**Given information:**
--------------------------------------------------

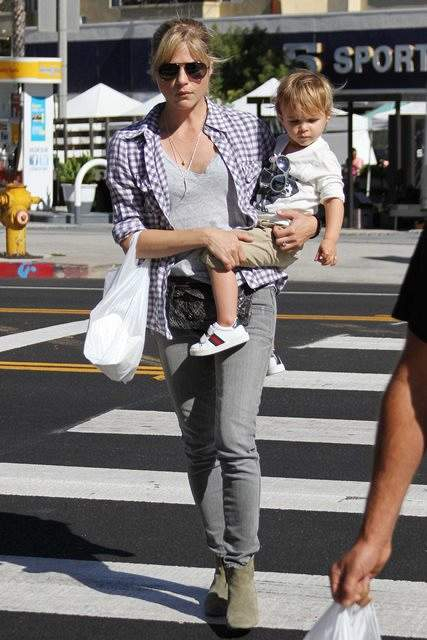Selma Blair and Arthur have a good time at the farmers market on Sunday r P rPictured Selma Blair and Arthur Blair r P B Ref SPL617896 220913 B BR rPicture by Phamous Splash News BR r P P r B Splash News and Pictures B BR rLos An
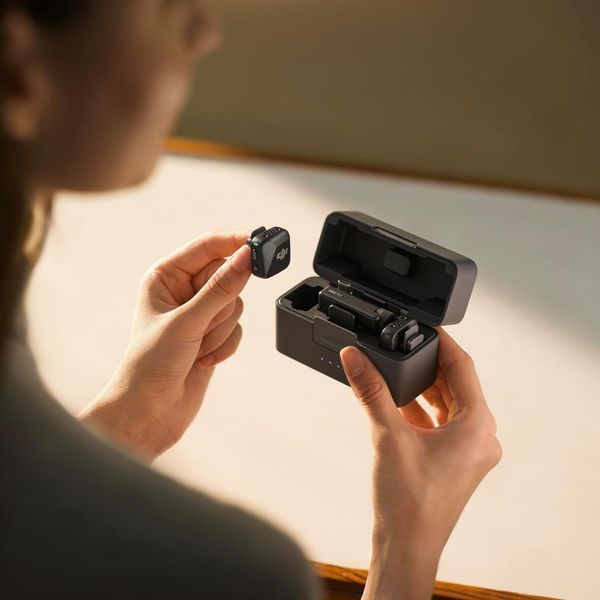 Мікрофонна радіосистема для смартфона та камери DJI Mic Mini 2TX + 1RX + Charging Case (CP.RN.00000433.01) CP.RN.00000433.01 фото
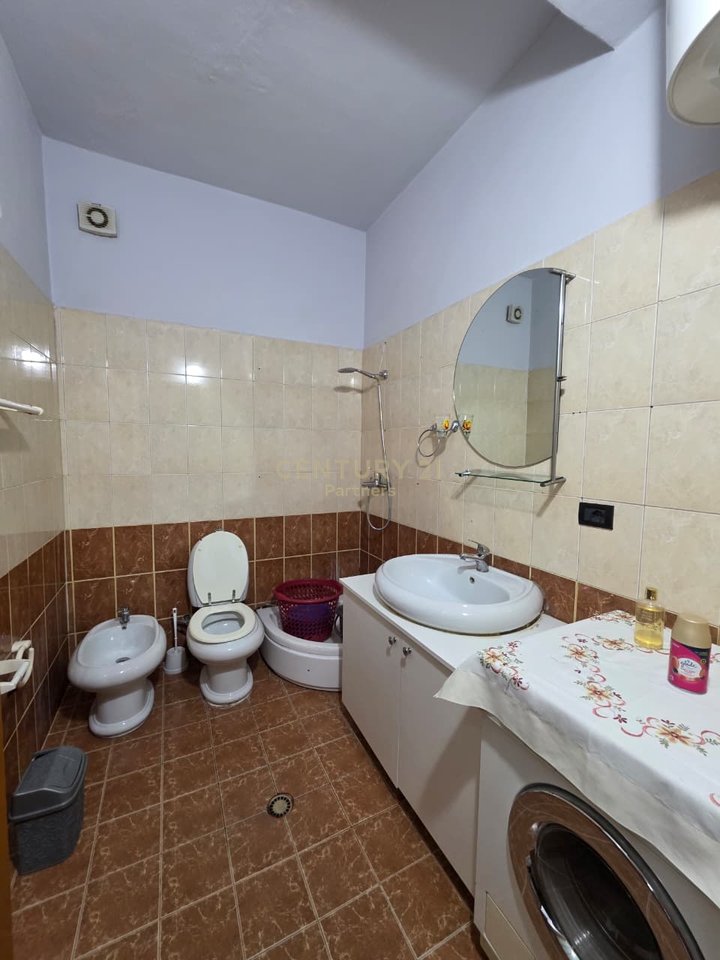 Apartament 2+1 Në Shitje në Kombinat,  - 115,000€ | 72 m²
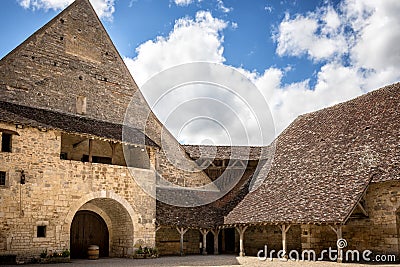 Chateau du Clos de Vougeot courtyard. Cote de Nuits, Burgundy, France. Stock Photo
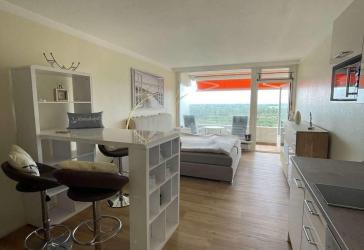 Seitlicher Ostseeblick-Sonnenbalkon- Schlafnische- Tiefgaragenstellplatz - Plaza Premium Residenz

--------------------------------------------------

**Exercise:**
Print the material in full and exactly, minus the pictures.

**Task output:**
Selma Blair and Arthur have a good time at the farmers market on Sunday r P rPictured Selma Blair and Arthur Blair r P B Ref SPL617896 220913 B BR rPicture by Phamous Splash News BR r P P r B Splash News and Pictures B BR rLos An
 Мікрофонна радіосистема для смартфона та камери DJI Mic Mini 2TX + 1RX + Charging Case (CP.RN.00000433.01) CP.RN.00000433.01 фото
 Apartament 2+1 Në Shitje në Kombinat,  - 115,000€ | 72 m²
 Chateau du Clos de Vougeot courtyard. Cote de Nuits, Burgundy, France. Stock Photo
 Seitlicher Ostseeblick-Sonnenbalkon- Schlafnische- Tiefgaragenstellplatz - Plaza Premium Residenz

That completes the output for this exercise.